▶ _GIVEN INFORMATION_
****

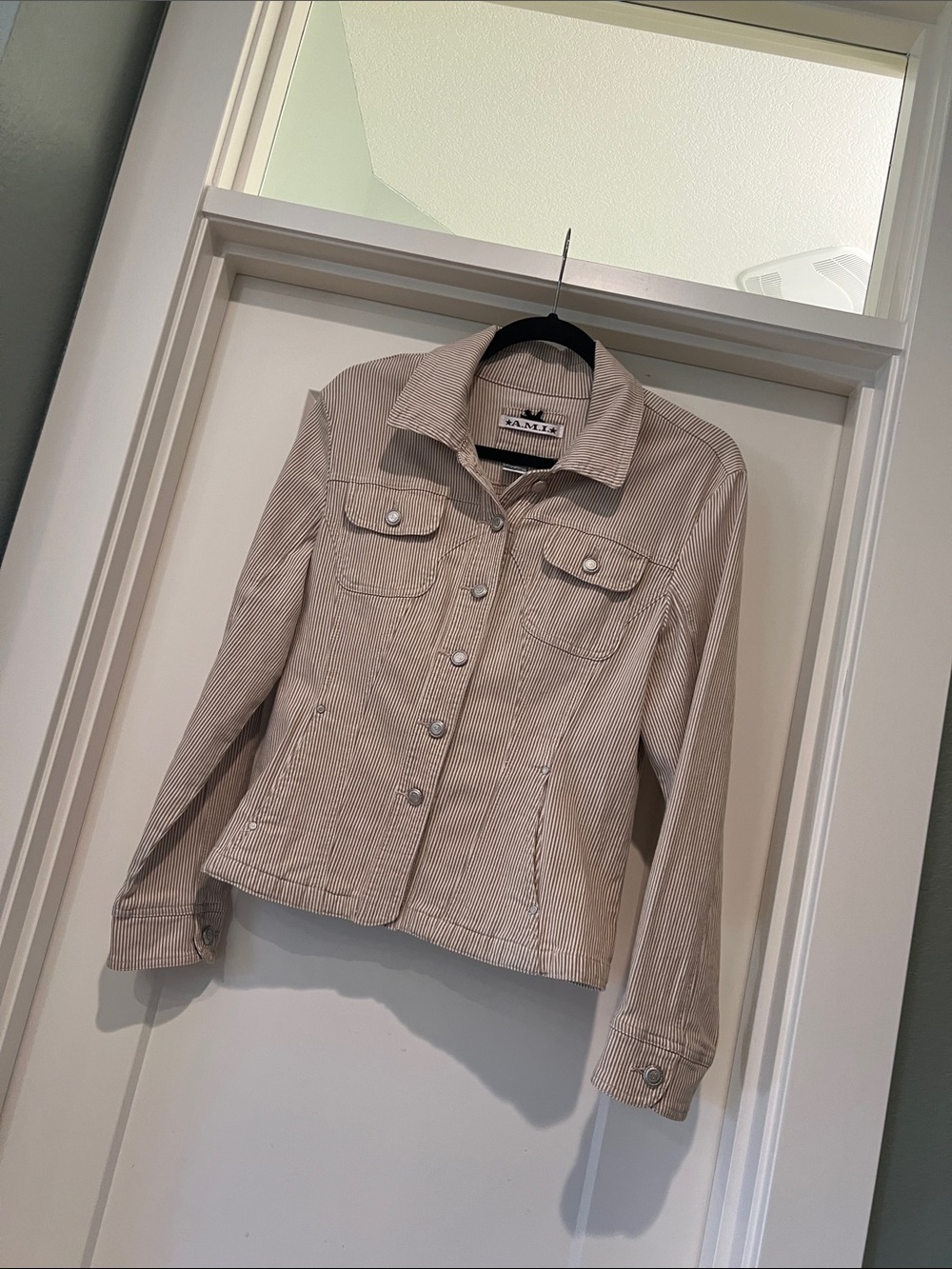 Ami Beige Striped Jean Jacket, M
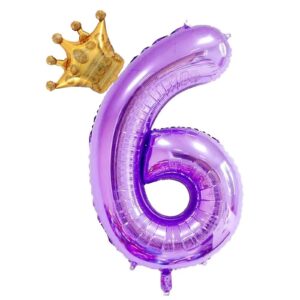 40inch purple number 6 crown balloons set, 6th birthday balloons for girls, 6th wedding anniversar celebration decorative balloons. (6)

****

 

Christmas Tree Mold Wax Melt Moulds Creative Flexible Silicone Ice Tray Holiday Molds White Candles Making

****

Exactly the lines starting at the one above with "Ami Beige Striped Jean Jacket, M" and ending at the one with "40inch purple number" should be printed, and nothing else. Omit the pictures.

 Ami Beige Striped Jean Jacket, M
 40inch purple number 6 crown balloons set, 6th birthday balloons for girls, 6th wedding anniversar celebration decorative balloons. (6)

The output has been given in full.